Heathland by Elizabeth Dack 1/3
Adder by Darren Williams 2/3
NWT Roydon Common by Richard Osbourne 3/3

Heather heathland

Heather heathland (as opposed to Breck heathland, which is largely dominated by grasses) is found on poor sandy soils in several parts of the county, principally the Gaywood Valley and the greensands in West Norfolk, the Holt-Cromer Ridge in North Norfolk, and the upper reaches of the Bure Valley near Aylsham.
 
Heather heathland was formed when poor sandy soils were deforested, often thousands of years ago, and were kept open through subsequent centuries by grazing domestic livestock. The dominant plants of heather heathland are common ling, bell heather, European gorse and in some areas western gorse. Associated with them are many other heathland specialist plants including heath bedstraw, purple moor grass, common dodder and heath milkwort.
 
Among the characteristic reptiles of Norfolk heaths are viviparous lizard, slow worm and adder. Nesting birds include woodlark, tree pipit, nightjar, linnet and yellowhammer.

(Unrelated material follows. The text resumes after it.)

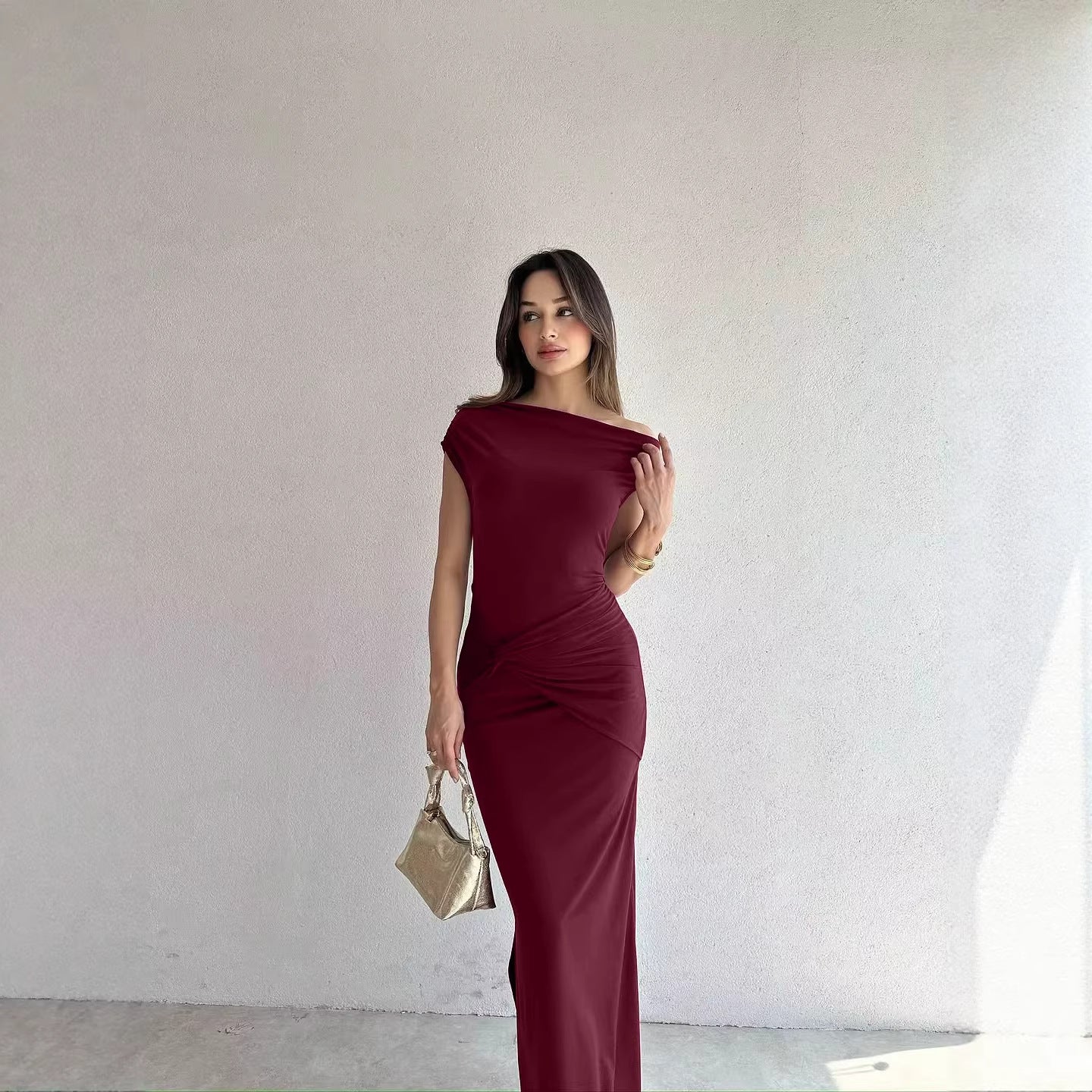 Damen Elegantes Maxikleid mit Off-Shoulder Design und dekorativer Raffung R&B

Among many typical invertebrates of heather heaths are green tiger beetle, minotaur beetle, emperor moth, silver-studded blue, small heath, mottled grasshopper and common groundhopper.
 
Where water occurs on heaths, acid bogs or alkaline fens may develop, depending on the water’s origins. These wetlands are frequently home to highly adapted plants including sundews, butterworts and cross-leaved heath, and rare invertebrates such as raft spider, keeled skimmer, bog bush-cricket and black darter.
 
Today heathland is managed using both traditional techniques, such as grazing by hardy breeds of livestock, and modern technology including heavy machinery. The aim of such management is to prevent and reverse encroachment by scrub and the resulting loss of open areas of heather heathland. Recently Norfolk Wildlife Trust has been engaged in the restoration of a large area of heathland at Grimston Warren, removing non-native conifers and the litter layer created by them to allow heathland vegetation to regenerate over many hectares.